According to the Harvard Business Review, the four key components of effective leadership are all compromised directly by sleep. The components of being results-oriented, solving problems effectively, seeking out different perspectives, and supporting others are all negatively affected by sleep deprivation. This is due to a leader’s reduced cognitive abilities, which diminishes their focus, concentration, and perspective, making it, therefore, difficult to be a truly successful leader.
When companies add ‘nap rooms’ to their offices and schools adopt later start dates, the increase in sleep promises to boost productivity and improve ‘bottom lines’. A 2008 study showed promising evidence that power naps are more effective than caffeine, and short siestas are known to enhance performance, memory, and alertness. When companies such as the Huffington Post added two nap rooms, they were initially scoffed at — now they’re almost always full, with consideration for a third room being implemented. Now, giants such as Google, Zappos, and Ben & Jerry’s have all implemented nap pods in their offices. The same promising results show in schools. In 2002, when secondary schools in Jessamine County in Kentucky moved to later start times, students scored higher on standardized tests and had fewer car crashes. In 2014, a study followed 9,000 students and found that 60% of those teenagers received 8 hours of sleep when school began at 8:35AM. At 7:30AM, only 30% had 8 hours. Interestingly enough, the students who had an hour pushed back in their start time saw improvements in test scores, increased attendance, and a 70% decrease in car crashes; all this was from an extra hour in the morning.

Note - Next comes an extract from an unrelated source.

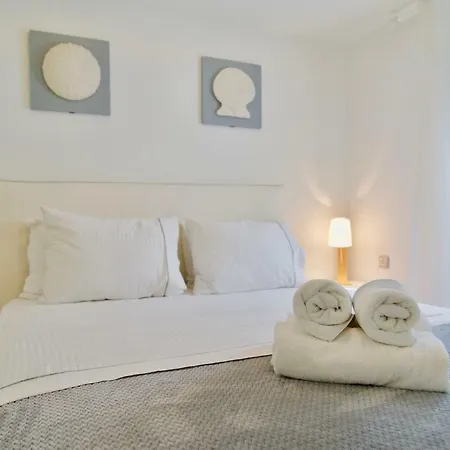 Marilia Lassi Apartment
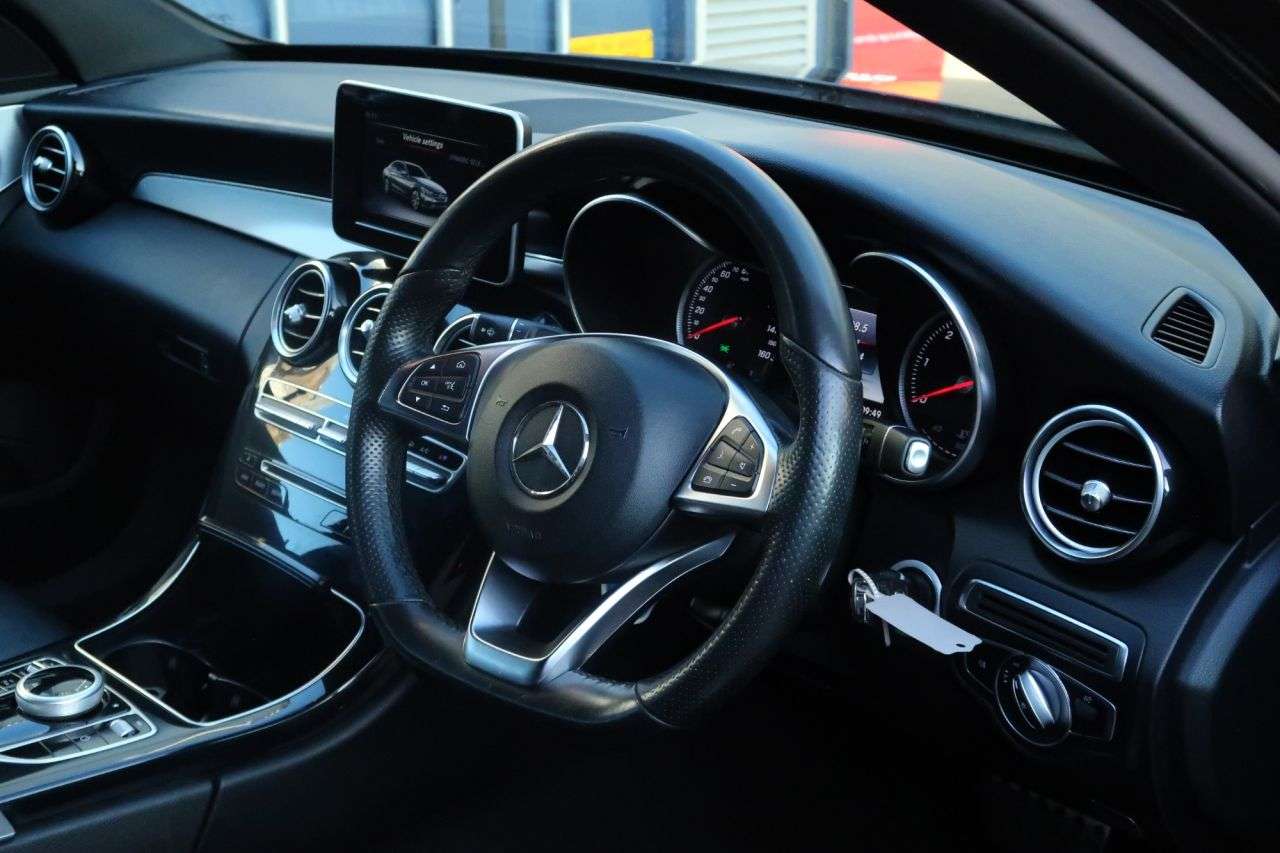 null MERCEDES-BENZ C-CLASS null MERCEDES-BENZ C-CLASS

Now that you see the importance of sleep, how should one properly prepare for bed? Living in an age of constant connectedness, we admittedly find it difficult to wind down for the night. That’s why one should adopt a sleep routine. Similar to how our morning routine slowly wakens us through brushing our teeth or eating breakfast, our nighttime routine should relax us. Arianna Huffington swears by taking a hot bath and reading physical books in bed, but you should adopt whatever works best for you. No matter what relaxing activities you choose, make sure to slowly usher out all electronics a half hour before bedtime. This removes any stimuli you may receive mentally in addition to the problem of the screen’s light, which often confuses the body’s natural circadian system.
When it comes to sleep, quality trumps quantity every time. If it is late and you’re working sluggishly, please — go to bed. Attack your task with an alert mind and fresh mood the next morning and you’ll essentially save time, as your increased productivity will help you finish the work faster. This way, you can sleep more, improve your work, and be in both a better mood and health. At the end of the day, the best thing to do is go to bed.